I can’t tell you much about how the GR Corolla performs on-road, save to say that there are clearly going to be more comfortable and under-the-radar dailies out there.
But where it counts, I reckon this things ticks the same boxes as its less practical little sibling.
We don’t have final Australian specs, but this is a quick breakdown of the US-market range to give a little context.
GR Corolla Core highlights:
- 18-inch cast alloy wheels
- Functional air ducts along body
- Widened front and rear fender flares
- Aluminum bonnet
- Various GR badges and skirt imprints
- Blacked-out grille and diffuser
- Three brushed stainless steel exhaust outlets
- Roof mounted shark fin antenna
- Auto LED headlights, DRLs, tail lights
- Smart Key System remote keyless entry
- Fabric seats with grey stitching and GR-badged headrests
- 12.3-inch instrument cluster, bespoke
- GR leather-trimmed, tilt and telescopic wheel
- GR-badged start/stop button, shift knob
- Aluminum sport pedals
- Single-zone climate control
- 8.0-inch touchscreen
- Rear-view camera with parking aid lines
GR Corolla Core Performance pack adds
- Front and rear Torsen LSDs
- Red-painted brake calipers
GR Corolla Circuit adds
- Front and rear Torsen LSDs
- Red-painted brake calipers
- Functional bonnet vents
- Forged carbon-fibre roof
- Synthetic leather and suede seats
- Red interior stitching
- 8-speaker JBL audio
GR Corolla Morizo adds
- 18-inch forged alloy wheels
- Michelin Pilot Sport Cup 2 tyres
- 30Nm more torque
- Two seats only
- Rear strut bracing
The GR Corolla offers much the same safety equipment as the regular Corolla.

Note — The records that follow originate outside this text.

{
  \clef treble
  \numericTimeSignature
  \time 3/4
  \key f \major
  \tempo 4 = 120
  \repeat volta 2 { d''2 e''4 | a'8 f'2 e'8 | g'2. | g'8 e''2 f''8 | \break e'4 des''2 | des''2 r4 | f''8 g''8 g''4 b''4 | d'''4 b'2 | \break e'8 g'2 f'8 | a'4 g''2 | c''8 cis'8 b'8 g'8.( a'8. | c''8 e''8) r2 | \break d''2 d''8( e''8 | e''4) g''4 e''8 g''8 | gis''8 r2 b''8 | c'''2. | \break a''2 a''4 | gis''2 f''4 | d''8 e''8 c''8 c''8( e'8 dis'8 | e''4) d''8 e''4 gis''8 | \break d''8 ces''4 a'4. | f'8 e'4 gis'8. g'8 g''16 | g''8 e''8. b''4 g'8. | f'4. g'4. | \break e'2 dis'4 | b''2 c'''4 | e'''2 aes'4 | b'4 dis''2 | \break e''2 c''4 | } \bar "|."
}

That means front, front-side, and curtain airbags, and top tethers and ISOFIX points for rear child seats – not that the GR is the most family-oriented machine in the world.

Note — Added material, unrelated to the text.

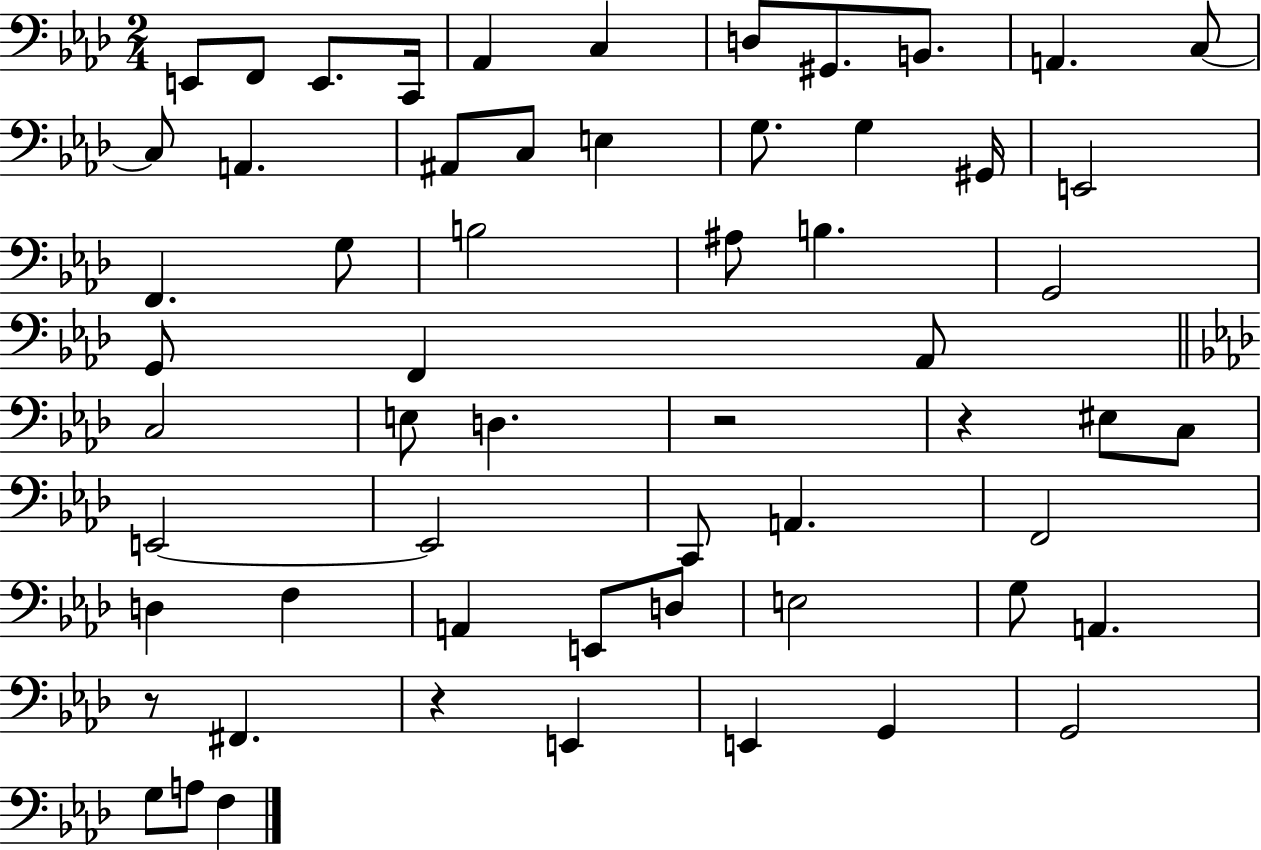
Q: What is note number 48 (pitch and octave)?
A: F#2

Standard assistance features will include:
- Autonomous emergency braking (AEB)
- Pedestrian, Cyclist detection
- Lane keep assist
- Lane Trace Assist (centring)
- Adaptive cruise control
- Auto high-beam
- Blind-spot monitoring
- Rear cross-traffic alert
- Speed-sign recognition
- Reversing camera
Toyota Australia provides a five-year and unlimited kilometre warranty.
The almost mechanically-identical GR Yaris requires servicing every six months or 10,000km, with each of the first six visits capped at a very reasonable $260 per visit.
Expect the Corolla’s servicing scheme to be priced similarly.
From the seat of the pants the GR Corolla doesn’t feel like the fastest hot hatch I’ve driven.
But when it comes to sheer driver engagement, it delivers on its promise, feeling very cohesive in the same way other track-honed, manual mega hatches like the Civic Type R and i30 N manage to.
Of course the GR Corolla has a major advantage over this pair in the form of its tricky AWD system shared with the GR Yaris – packaged in this incarnation into a much more practical, easy to live with vehicle.
We’re going to need to have a proper drive on roads, at home, against some competitors, to give you a true insight into exactly where the GR Corolla sits on the hot hatch podium.
But let’s in the meantime commend Toyota for committing to a range of performance cars – even one that’ll be incredibly tight on supply wth guaranteed long wait lists.